- About this task -
Looking at the entries, say how many lines contain the string "dots". Offer nothing besides the number.
**** Data under study ****
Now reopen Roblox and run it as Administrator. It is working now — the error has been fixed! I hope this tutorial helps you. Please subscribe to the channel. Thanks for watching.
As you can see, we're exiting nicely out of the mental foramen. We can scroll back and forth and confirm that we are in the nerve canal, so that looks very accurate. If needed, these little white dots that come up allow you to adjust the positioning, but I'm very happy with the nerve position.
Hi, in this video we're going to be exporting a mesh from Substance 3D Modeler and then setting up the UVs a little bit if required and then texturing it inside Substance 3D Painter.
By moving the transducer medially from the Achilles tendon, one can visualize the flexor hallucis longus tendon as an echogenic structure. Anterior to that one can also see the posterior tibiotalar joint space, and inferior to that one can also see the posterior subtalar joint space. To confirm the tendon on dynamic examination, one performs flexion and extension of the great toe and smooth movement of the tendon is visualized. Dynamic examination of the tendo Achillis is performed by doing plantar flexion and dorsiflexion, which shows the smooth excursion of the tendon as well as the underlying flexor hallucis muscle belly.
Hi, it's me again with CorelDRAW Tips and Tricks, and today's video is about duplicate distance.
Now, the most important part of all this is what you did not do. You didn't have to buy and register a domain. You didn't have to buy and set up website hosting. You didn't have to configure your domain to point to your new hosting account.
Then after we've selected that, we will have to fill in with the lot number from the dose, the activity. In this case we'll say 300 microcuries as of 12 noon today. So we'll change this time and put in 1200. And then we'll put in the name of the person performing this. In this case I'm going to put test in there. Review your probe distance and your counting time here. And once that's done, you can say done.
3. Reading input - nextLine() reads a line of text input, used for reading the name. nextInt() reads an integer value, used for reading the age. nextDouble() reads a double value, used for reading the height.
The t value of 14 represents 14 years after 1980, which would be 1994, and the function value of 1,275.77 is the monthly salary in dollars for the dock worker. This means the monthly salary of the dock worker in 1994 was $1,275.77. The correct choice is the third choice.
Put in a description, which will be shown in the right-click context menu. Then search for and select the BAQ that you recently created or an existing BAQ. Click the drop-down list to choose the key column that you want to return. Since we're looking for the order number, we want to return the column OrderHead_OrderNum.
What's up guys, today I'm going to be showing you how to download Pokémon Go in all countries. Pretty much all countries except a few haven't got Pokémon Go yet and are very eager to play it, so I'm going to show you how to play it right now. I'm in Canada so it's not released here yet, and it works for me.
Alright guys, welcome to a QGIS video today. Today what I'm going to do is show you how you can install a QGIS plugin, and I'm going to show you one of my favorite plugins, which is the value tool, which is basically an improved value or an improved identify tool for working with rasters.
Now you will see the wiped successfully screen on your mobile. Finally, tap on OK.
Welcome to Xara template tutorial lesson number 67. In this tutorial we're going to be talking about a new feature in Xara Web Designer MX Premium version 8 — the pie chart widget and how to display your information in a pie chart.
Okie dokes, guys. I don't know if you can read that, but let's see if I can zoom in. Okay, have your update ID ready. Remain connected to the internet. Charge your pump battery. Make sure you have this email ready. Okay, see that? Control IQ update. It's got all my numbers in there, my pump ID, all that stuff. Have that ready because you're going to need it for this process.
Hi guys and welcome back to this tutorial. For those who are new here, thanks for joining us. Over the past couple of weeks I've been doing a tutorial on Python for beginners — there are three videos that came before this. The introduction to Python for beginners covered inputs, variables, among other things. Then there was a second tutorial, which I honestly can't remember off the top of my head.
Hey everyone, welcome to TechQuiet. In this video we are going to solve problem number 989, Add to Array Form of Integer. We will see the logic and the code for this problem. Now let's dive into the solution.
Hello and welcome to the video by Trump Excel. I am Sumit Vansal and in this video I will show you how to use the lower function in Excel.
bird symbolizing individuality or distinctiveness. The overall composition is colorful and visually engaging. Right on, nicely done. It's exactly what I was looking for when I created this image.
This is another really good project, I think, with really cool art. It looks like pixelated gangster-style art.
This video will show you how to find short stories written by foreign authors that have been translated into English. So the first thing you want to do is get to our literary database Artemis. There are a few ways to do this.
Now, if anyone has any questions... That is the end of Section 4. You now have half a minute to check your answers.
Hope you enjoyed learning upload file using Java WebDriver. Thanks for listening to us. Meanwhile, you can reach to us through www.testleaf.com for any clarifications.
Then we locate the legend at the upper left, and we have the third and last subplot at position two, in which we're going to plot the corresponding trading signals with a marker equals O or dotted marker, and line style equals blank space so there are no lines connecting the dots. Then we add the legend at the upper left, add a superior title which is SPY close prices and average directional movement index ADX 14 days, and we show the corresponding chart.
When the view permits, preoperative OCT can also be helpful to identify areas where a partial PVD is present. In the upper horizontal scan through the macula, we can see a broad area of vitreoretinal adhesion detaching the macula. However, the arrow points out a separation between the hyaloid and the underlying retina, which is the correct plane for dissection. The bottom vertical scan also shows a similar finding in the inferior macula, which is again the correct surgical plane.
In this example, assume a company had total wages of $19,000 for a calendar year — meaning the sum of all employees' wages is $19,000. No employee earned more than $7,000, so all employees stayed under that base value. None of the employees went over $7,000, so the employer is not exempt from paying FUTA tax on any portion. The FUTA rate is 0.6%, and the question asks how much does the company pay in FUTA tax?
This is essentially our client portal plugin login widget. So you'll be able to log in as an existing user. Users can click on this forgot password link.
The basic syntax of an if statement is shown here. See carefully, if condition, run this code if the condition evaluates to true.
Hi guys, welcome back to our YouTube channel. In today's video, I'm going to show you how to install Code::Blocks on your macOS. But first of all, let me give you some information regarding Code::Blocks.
****
- Response for this exercise -
2